(TASK INPUTS)
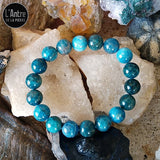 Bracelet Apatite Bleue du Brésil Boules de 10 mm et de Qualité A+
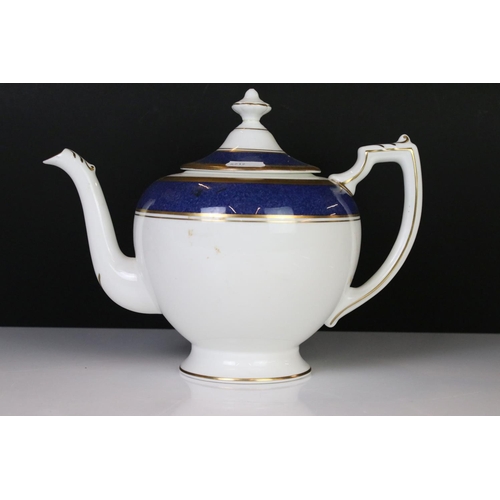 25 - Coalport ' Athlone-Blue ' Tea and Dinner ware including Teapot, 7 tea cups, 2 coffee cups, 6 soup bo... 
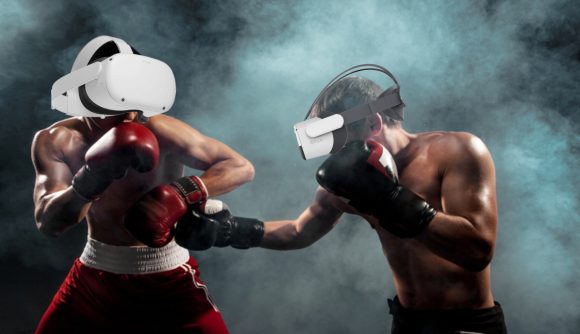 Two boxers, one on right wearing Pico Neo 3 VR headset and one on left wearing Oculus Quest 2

...

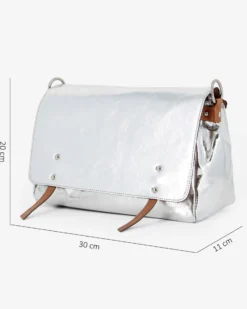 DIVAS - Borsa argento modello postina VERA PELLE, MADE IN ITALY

(PROBLEM) Leaving every picture aside, reproduce exactly the lines above from the one with "Bracelet Apatite Bleue" up to and including the one with "Two boxers, one", and no others.

(EXERCISE RESPONSE)
 Bracelet Apatite Bleue du Brésil Boules de 10 mm et de Qualité A+
 25 - Coalport ' Athlone-Blue ' Tea and Dinner ware including Teapot, 7 tea cups, 2 coffee cups, 6 soup bo... 
 Two boxers, one on right wearing Pico Neo 3 VR headset and one on left wearing Oculus Quest 2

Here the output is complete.